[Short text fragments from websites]

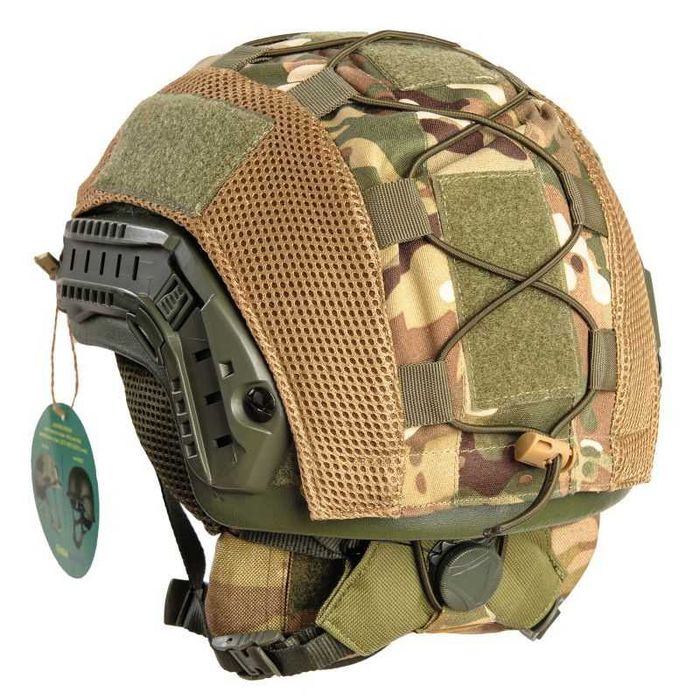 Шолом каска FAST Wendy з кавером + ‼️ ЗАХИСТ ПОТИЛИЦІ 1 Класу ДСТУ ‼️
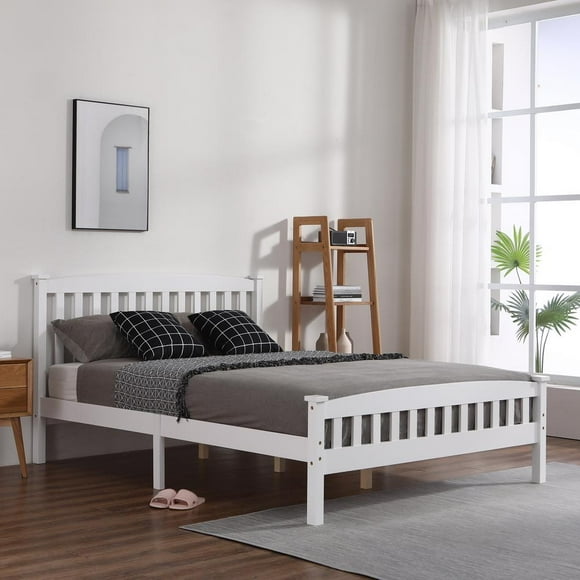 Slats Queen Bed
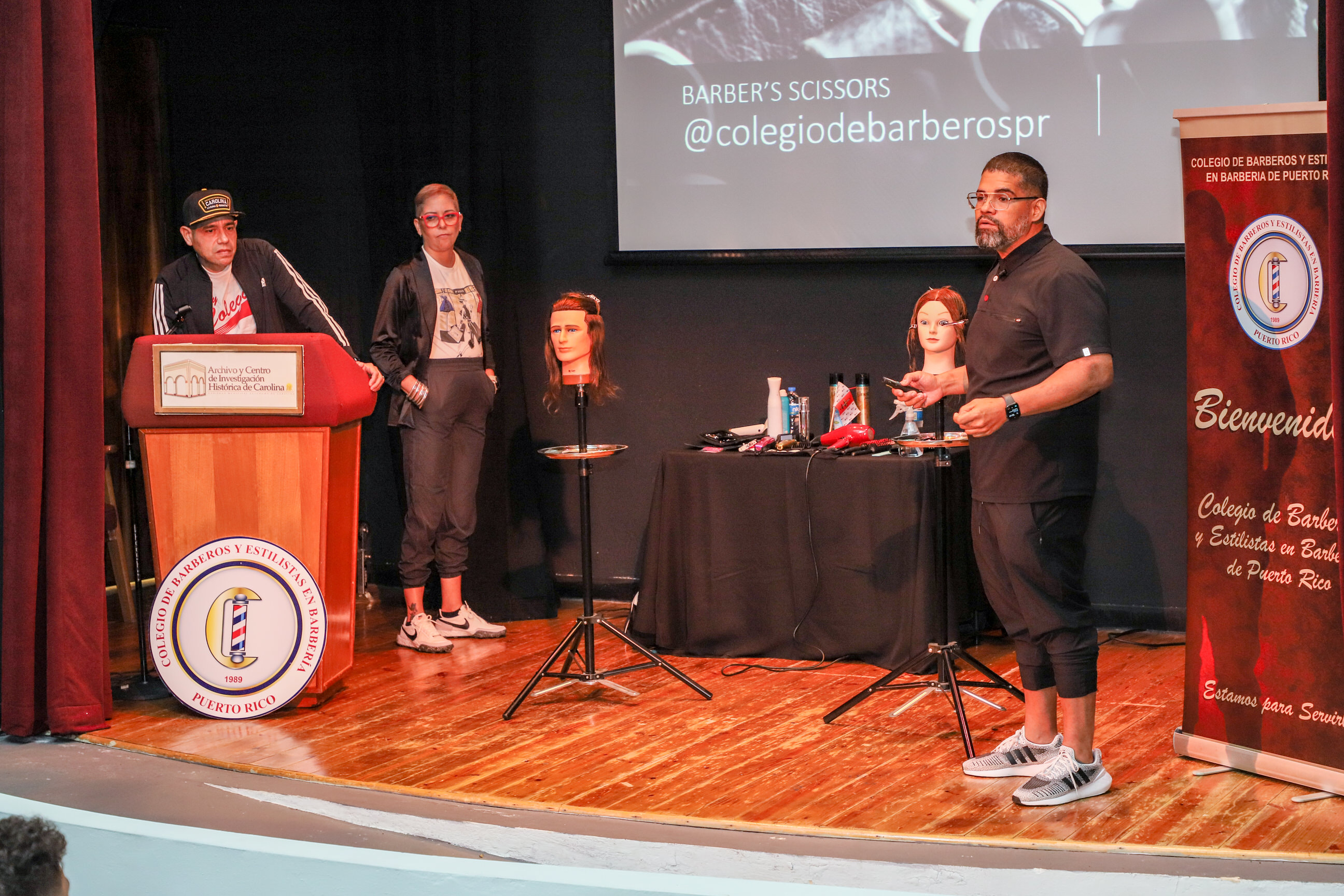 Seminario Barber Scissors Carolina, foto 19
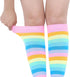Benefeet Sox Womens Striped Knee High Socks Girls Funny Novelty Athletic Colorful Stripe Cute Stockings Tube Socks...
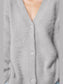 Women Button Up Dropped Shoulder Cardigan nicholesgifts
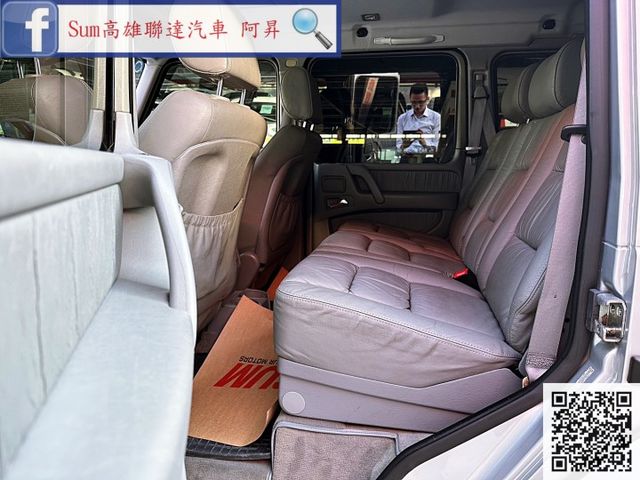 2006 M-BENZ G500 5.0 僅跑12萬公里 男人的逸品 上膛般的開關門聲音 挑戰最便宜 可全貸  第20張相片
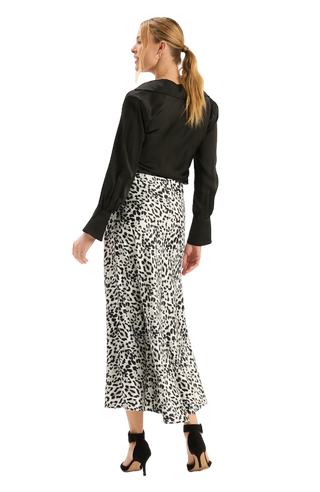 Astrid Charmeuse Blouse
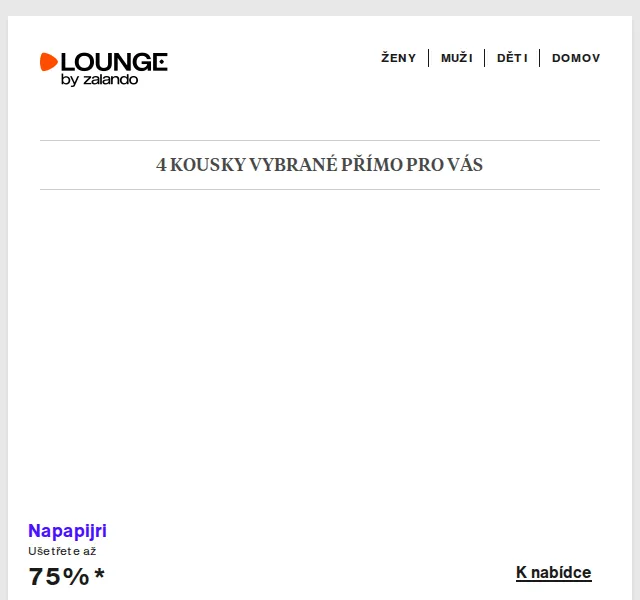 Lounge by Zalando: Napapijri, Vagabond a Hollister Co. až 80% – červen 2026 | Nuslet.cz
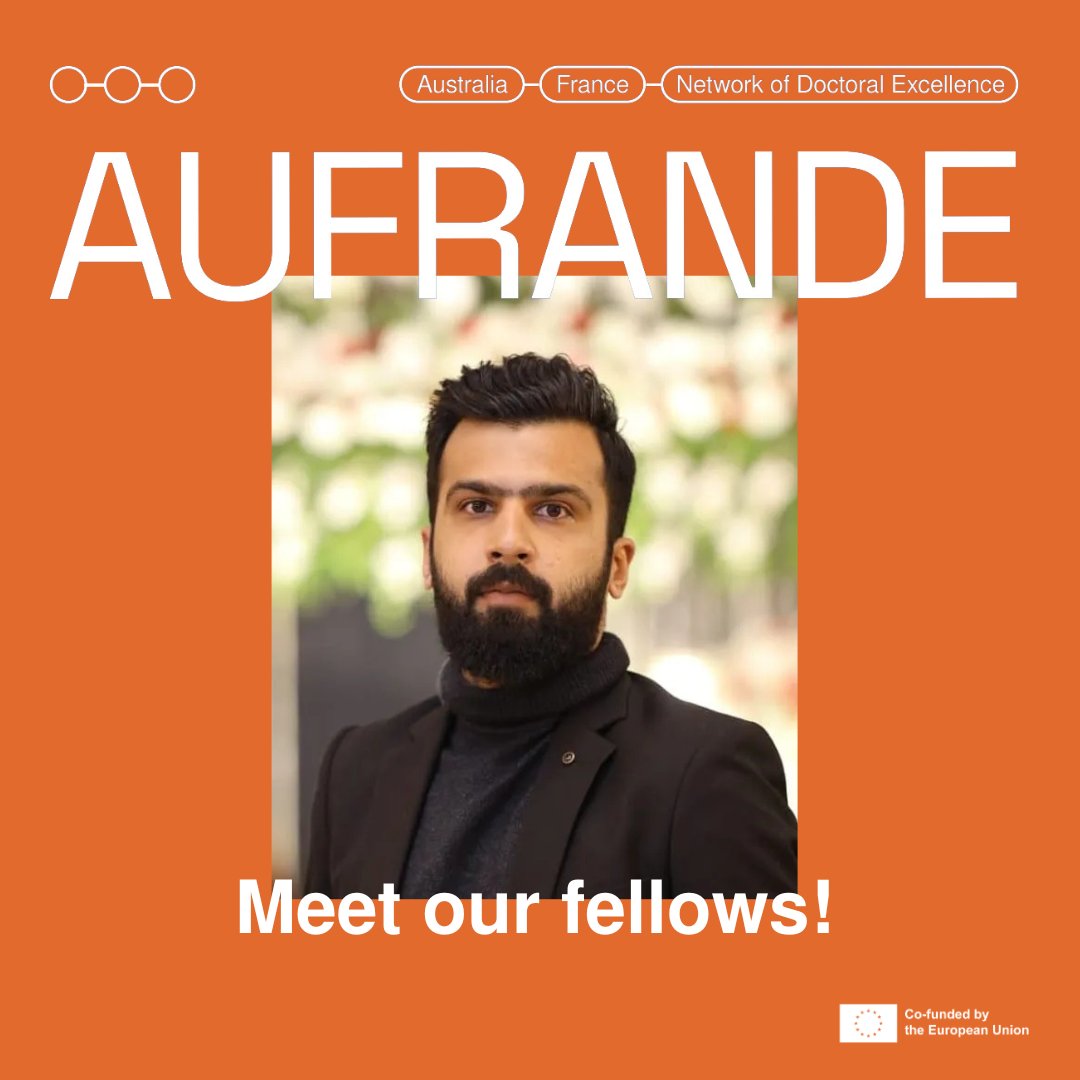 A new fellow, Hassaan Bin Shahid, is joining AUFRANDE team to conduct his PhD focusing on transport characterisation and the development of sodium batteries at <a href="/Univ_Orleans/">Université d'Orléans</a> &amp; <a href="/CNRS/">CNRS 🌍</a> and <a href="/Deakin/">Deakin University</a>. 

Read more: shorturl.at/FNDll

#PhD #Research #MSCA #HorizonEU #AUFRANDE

= To do =
Give the data above again in full and unchanged, skipping the pictures.

= Final answer =
 Шолом каска FAST Wendy з кавером + ‼️ ЗАХИСТ ПОТИЛИЦІ 1 Класу ДСТУ ‼️
 Slats Queen Bed
 Seminario Barber Scissors Carolina, foto 19
Benefeet Sox Womens Striped Knee High Socks Girls Funny Novelty Athletic Colorful Stripe Cute Stockings Tube Socks...
 Women Button Up Dropped Shoulder Cardigan nicholesgifts
 2006 M-BENZ G500 5.0 僅跑12萬公里 男人的逸品 上膛般的開關門聲音 挑戰最便宜 可全貸  第20張相片
 Astrid Charmeuse Blouse
 Lounge by Zalando: Napapijri, Vagabond a Hollister Co. až 80% – červen 2026 | Nuslet.cz
 A new fellow, Hassaan Bin Shahid, is joining AUFRANDE team to conduct his PhD focusing on transport characterisation and the development of sodium batteries at <a href="/Univ_Orleans/">Université d'Orléans</a> &amp; <a href="/CNRS/">CNRS 🌍</a> and <a href="/Deakin/">Deakin University</a>. 

Read more: shorturl.at/FNDll

#PhD #Research #MSCA #HorizonEU #AUFRANDE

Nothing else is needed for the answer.